20:11 tiredchiku[d]: did just see that, I'll take a look after I finish this bisect
20:16 tiredchiku[d]: currently watching a stream on twitch while bisecting on plasma wayland ziNVK
20:16 tiredchiku[d]: going good
20:16 tiredchiku[d]: no weirdness in the past hour
20:22 tiredchiku[d]: 212d57f7e6701a4f307c2c049a0e3eccfce58965 is the first bad commit
20:23 tiredchiku[d]: https://gitlab.freedesktop.org/mesa/mesa/-/merge_requests/31079/diffs?commit_id=212d57f7e6701a4f307c2c049a0e3eccfce58965
20:24 tiredchiku[d]: will try to fix that tomorrow
20:38 tiredchiku[d]: I'll look at both things tomorrow, it's 0208 here
20:45 redsheep[d]: tiredchiku[d]: Weren't you saying it still fails with hardware acceleration off?
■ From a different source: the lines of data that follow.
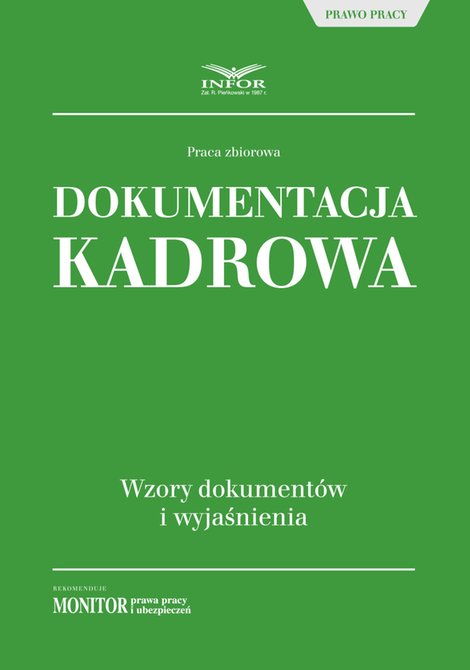 ebooki: Dokumentacja kadrowa – ebook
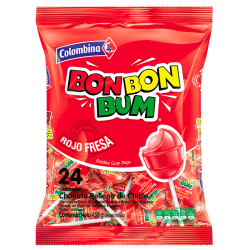 Bon bon bum fresa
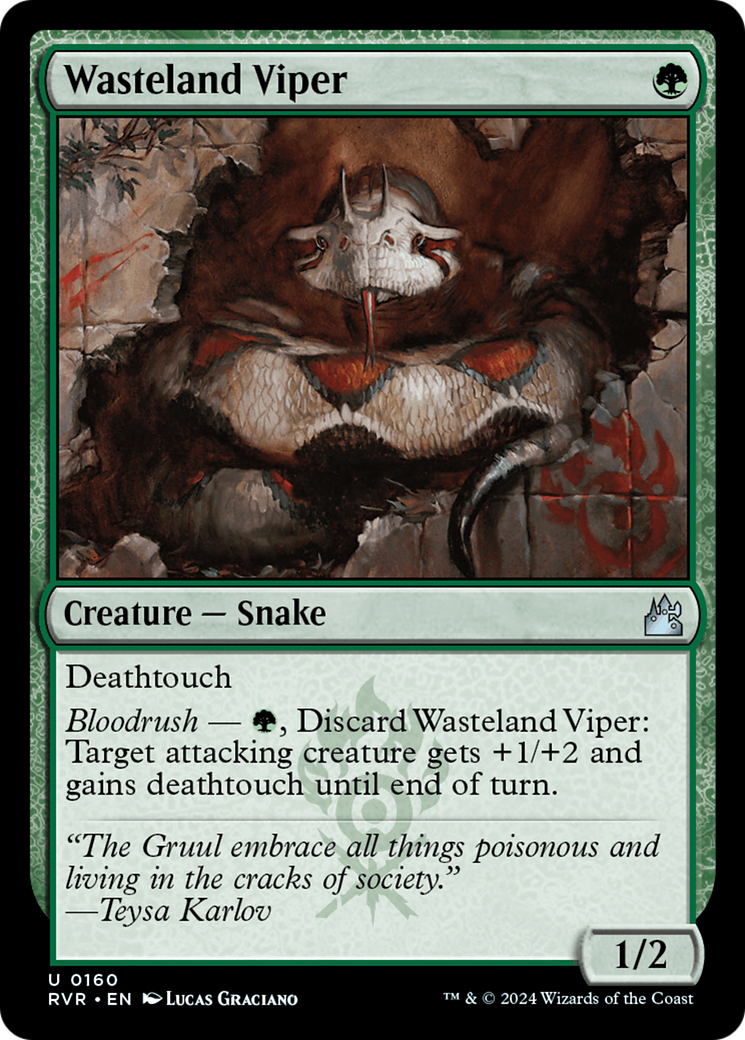 Wasteland Viper [Ravnica Remastered] | Eastridge Sports Cards & Games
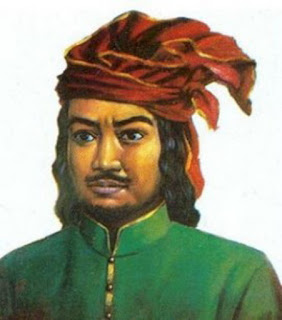 Biografi Sultan Hasanuddin  Sultan Hasanuddin lahir di Makassar, Sulawesi Selatan, 12 Januari 1631 dan meninggal di Makassar, Sulawesi Selatan, 12 Juni 1670 pada umur 39 tahun, adalah Raja Gowa ke-16 dan pahlawan nasional Indonesia yang terlahir dengan nama I Mallombasi Muhammad Bakir Daeng Mattawang Karaeng Bonto Mangepe. Setelah memeluk agama Islam, ia mendapat tambahan gelar Sultan Hasanuddin Tumenanga Ri Balla Pangkana, hanya saja lebih dikenal dengan Sultan Hasanuddin saja. dia diangkat menjadi Sultan ke 6 Kerajaan Gowa dalam usia 24 tahun (tahun 1655).   Gowa merupakan kerajaan besar di wilayah timur Indonesia yang menguasai jalur perdagangan. Pada tahun 1666, di bawah pimpinan Laksamana Cornelis Speelman, Kompeni berusaha menundukkan kerajaan-kerajaan kecil, tetapi belum berhasil menundukkan Gowa. Di lain pihak, setelah Sultan Hasanuddin naik takhta, ia berusaha menggabungkan kekuatan kerajaan-kerajaan kecil di Indonesia bagian timur untuk melawan Kompeni.  Konfrontasi Belanda-Hasanuddin menyulut perang terbuka di antara kedua kekuatan tersebut. Pada tahun 1633, Belanda mengepung pelabuhan Makasar dengan jalan blokade dan sabotase, tetapi sia sia. Sebab kekuatan pasukan Sultan Hasanuddin mampu mendobrak blokade itu dan mematahkan semua sabotase yang dilakukan Belanda.Kegagalan ini mendorong pihak Belanda mengadakan damai dengan Sultan. Kemudian pada tahnn 1654 sekali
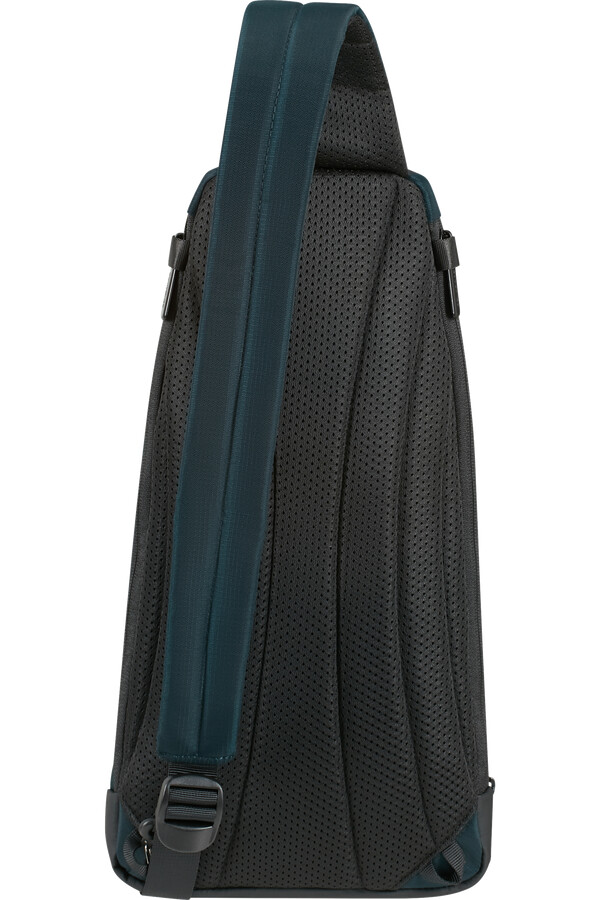 biz2go schoudertas donkerblauw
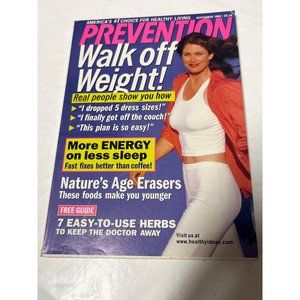 PREVENTION MAGAZINE SEPTEMBER 1999 WALK OFF WEIGHT - REAL PEOPLE SHOW YOU HOW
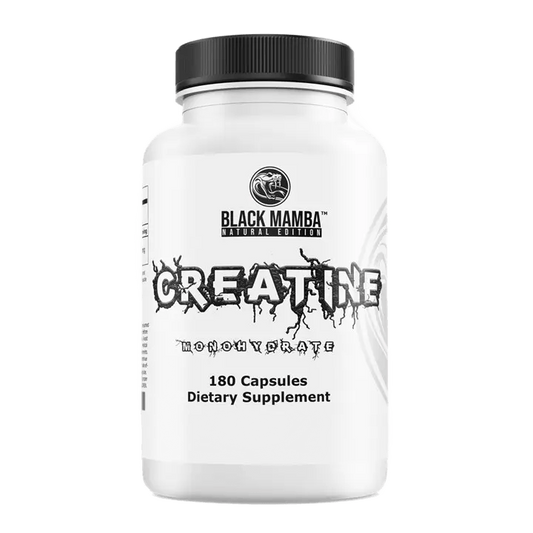 Black Mamba Creatine Powder 250g
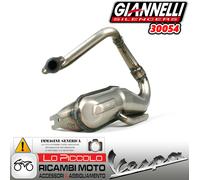 Silencieux Giannelli Expansion Piaggio Vespa prim.ET3 Course Longue 125/130cc
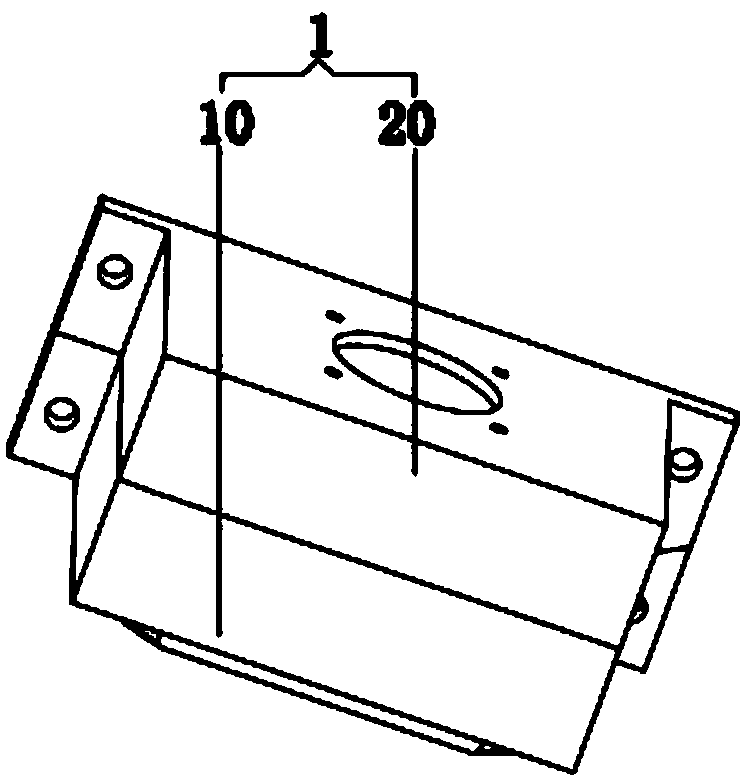 Half type aluminum belt wheel seat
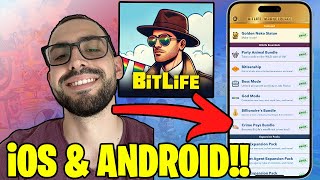 Bitlife HackMOD APK iOS amp Android  How to Get Bitlife Free Bitizen and God Mode Job Packs 2024 [upl. by Itch]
That's pretty weird
20:45 tiredchiku[d]: yeah
20:45 tiredchiku[d]: ¯\_(ツ)_/¯
20:45 tiredchiku[d]: electron works in mysterious ways
20:46 tiredchiku[d]: gfxstrand[d]: if I understand this right I "just" need to enforce clamping if the DepthReplacing execution mode is set in the pipelin
20:49 tiredchiku[d]: ..now to find where the pipeline code is e-e
20:50 tiredchiku[d]: but anyway, future me headache
21:09 skeggsb9778[d]: notthatclippy[d]: VOLTA_USERMODE_A is meant to be mapped RW to userspace anyway, it's where the doorbell lives too
21:14 sima: gfxstrand[d], I think our plan is still really solid, at least I haven't come up with a gap from the kernel side
21:14 sima: and from my very rough vk standard understanding that side should be doable too
21:39 __sima__[d]: gfxstrand[d]: oh now I get where that irc ping is from ðŸĪŠ
22:22 gfxstrand[d]: skeggsb9778[d]: Would there be any problems created if userspace is able to bang the doorbell?
22:26 skeggsb9778[d]: Userspace is *meant* to be ringing the doorbell
22:27 skeggsb9778[d]: You could ring another runlist/channel's doorbell, but the worst that happens is the runlist wakes up and re-checks for channels with pending work
22:28 gfxstrand[d]: Okay, as long as there's no harm in extra doorbell rings, then I think we're fine.
22:28 gfxstrand[d]: So is there one doorbell for everything?
22:28 skeggsb9778[d]: As long as you don't write GPPUT in USERD before you've filled the data in the GPFIFO/push buffers, nothing terrible will happen
22:29 skeggsb9778[d]: Yes, VOLTA_USERMODE_A is a shared address range. The doorbell reg takes runlist+chid
22:29 skeggsb9778[d]: (it's technically an opaque handle from the RM, but in current HW that maps to runlist+chid in practice)
22:30 skeggsb9778[d]: on Volta, it's just chid
23:07 gfxstrand[d]: tiredchiku[d]: The annoying bit is that `depthClampZeroOne` and `VK_EXT_depth_range_unrestricted` kind-of conflict. Section 29.10.1 of the Vulkan spec has the rules for sorting it out:
23:07 gfxstrand[d]: https://registry.khronos.org/vulkan/specs/1.3-extensions/html/chap29.html#_depth_clamping_and_range_adjustment
23:08 gfxstrand[d]: If we have to do the clamp in the shader (I suspect we do), we'll have to push a uniform based on the setting of those two bits and only clamp in the shader if the uniform is set.
23:08 gfxstrand[d]: It'll only add like 2 instructions so I'm not too worried about the perf implications.